The hinge from Neo-Romanticism to Mannerism, also, is a
reasonably blatant one. Our whole approach to art— more is more, rather then
less is more— features exaggerated portions and warped perspectives, even
amidst the elaborate formality and architectural hi-jinx. Abby and I both share
a perspective, which recurs regularly, that there is or can be something inherently
funny or absurd about complexity, and that the multiplication of tangents from
a work of art should include tangents the basis of which are absurdity and Dada
and Duchamp. With the rejection of simplicity, of course, comes the realization
that if we are not to appear too stentorian or heavy-handed, a light touch can
be as effective as a sturm und drang one. The Walls Have Ears, here, has
in-built the Mannerist tensions around queerness and bisexuality; behind that,
the idea that sexuality itself, as both an ideal and an idea, is inherently
Mannerist. It brings out in individuals, always, what is warped and/or
perverse, not to mention exaggerated, in them; and because the formality of the
painting is, as ever, masterful, and because queerness is a serious theme to be
addressed, audiences can choose to take The Walls Have Ears as an exercise in
painterly absurdism or not. Coloration issues— everything bathed in piss-yellow
(Serrano?)(Piss Dykes?)— opens a vista that, when Neo-Romanticism builds into
its constructs a sense of absurdity, Mannerist exaggerates aid and abet us
towards a realization that the Philadelphia
architecture, kitchen sink approach can yield the right dividends. Or
Apparition Poem 1327:
She said, you want Sister
Lovers, you son of a bitch,
pouted on a beige couch in
Sister Lovers, but I’m not
a son of a bitch, and I can
prove it (I drooled slightly),
took it out and we made
such spectacular love that
the couch turned blue from
our intensity, but I had to
wear a mask because I’d
been warned that this girl
was, herself, a son of a bitch—
Neo-Romanticism is, take it or leave it, pretty free and
easy about sex and sexual intercourse. Just as Philadelphia architecture is pretty free and
easy about co-opting your space and thrusting its symmetries into your brain.
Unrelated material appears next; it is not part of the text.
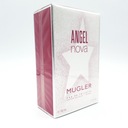 Thierry Mugler ANGEL NOVA toaletná voda 50 ml Stav balenia originálne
Not to mention that the ambiance in Aughts Philadelphia which we all lived
through was largely about free and easy sex. This poem starts from a ground
that the two figures in the poem appear to be either very stoned, or bimbos,
possibly porn stars (or actors), and then sets the game in motion which it
wants to set. It’s about straight sex too, which (to be frank) I feel might be
ready to make a comeback. The Dada level is how goofy the exaggerations are, towards
a sense that every conceivable imperative to aesthetic excess is served, other
than the number of lines in the poem. Apparition Poems only has a handful of
sonnets in it, and sonnets as a poetic form are usually the enemies of the
Mannerist (sonnets think small, stay confined), but that’s part of the game
here, as in Undulant. And the fact that both The Walls Have Ears and 1327 “have game” and play
games is one of the reasons Neo-Romanticism is contemporary and ready to
compete right now. Because the whole twentieth century is always showing up in
the paintings and poems sideways, and at odd angles, audiences won’t need to
feel disappointed that they are falling into a trough of anything backwards
seeming or retrograde. This is true, particularly because the free and easy
approach to carnality is rather advanced, and executed with a sense of
borderline-disjointed looseness. What can I say? All those years our
architecture was dictating our art, it also pulled off the neat trick of
freeing Philly’s bedroom antics, which were considerable in all circles, both
when masks were necessary and when they were not.